The data preparation and validation workflow have four steps:
Cleanse or Normalize
Parse
Standardize
Validate
For the cleanse step, there are two options:
Use the Data Normalization Guidance as the cleanse step. Use the output of the cleanse step as the source of the workflow delivered in this guidance.
a. This Guidance expects the data to be available in an Amazon Simple Storage Service (Amazon S3) bucket, that serves as an input to an AWS Glue DataBrew job.
Use the AWS Glue DataBrew recipe delivered in this Guidance as a template to build your own data cleanse process.
Reference Architecture
Figure 1 - Reference architecture displaying how AWS services integrate with this Guidance.
Create a rule in Amazon EventBridge to schedule the data processing in AWS Step Functions. The Step Functions state machine includes data cleaning and validation steps.
Use AWS Glue DataBrew recipe to transform the data from the source Amazon Simple Storage Service (Amazon S3) location. Use this step to normalize data, which will give better outcomes with data validation API.
Use AWS Glue to read the output of the DataBrew job, enabling the invocation of the respective personally identifiable information (PII) entity validation services in small batches.
AWS Glue writes the validated data to the target curated Amazon S3 bucket for AWS Entity Resolution to consume.
An AWS Glue crawler job is initiated to “refresh” the table definition or metadata of the curated Amazon S3 storage location, and stores it in the AWS Glue Data Catalog.
An event is published to Amazon Simple Notification Service (Amazon SNS) to inform the user that the new curated data files are now available for consumption.

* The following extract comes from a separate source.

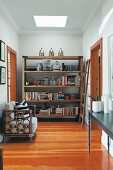 Armchair with rattan frame on wooden floor in front of rustic, modern shelving in hallway with skylight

Security, Configuration, and Observability
This Guidance uses the following AWS services to promote security and access control:
AWS Identity and Access Management (IAM): Least-privilege access to specific resources and operations.
AWS Key Management Service (AWS KMS): Provides encryption for data at rest and data in transit, using Pretty Good Privacy (PGP) encryption of data files.
AWS Secrets Manager: Provides hashing keys for PII data
Amazon CloudWatch: Monitors logs and metrics across all services used in this Guidance.
Architecture Details
This Guidance contains the following components:
AWS Glue DataBrew recipe - the recipe is a set of data transformation steps. You can apply these steps to the dataset stored in Amazon S3. The Guidance expects you to export the recipe as a JSON into the Amazon S3 bucket.
AWS Glue extract, transform, and load (ETL) job - this is a Scala based Apache Spark program that reads the input data from an Amazon S3 bucket, applies the appropriate normalization rules, invokes the third-party validation service Smarty for address validation, and writes the output to a curated Amazon S3 bucket.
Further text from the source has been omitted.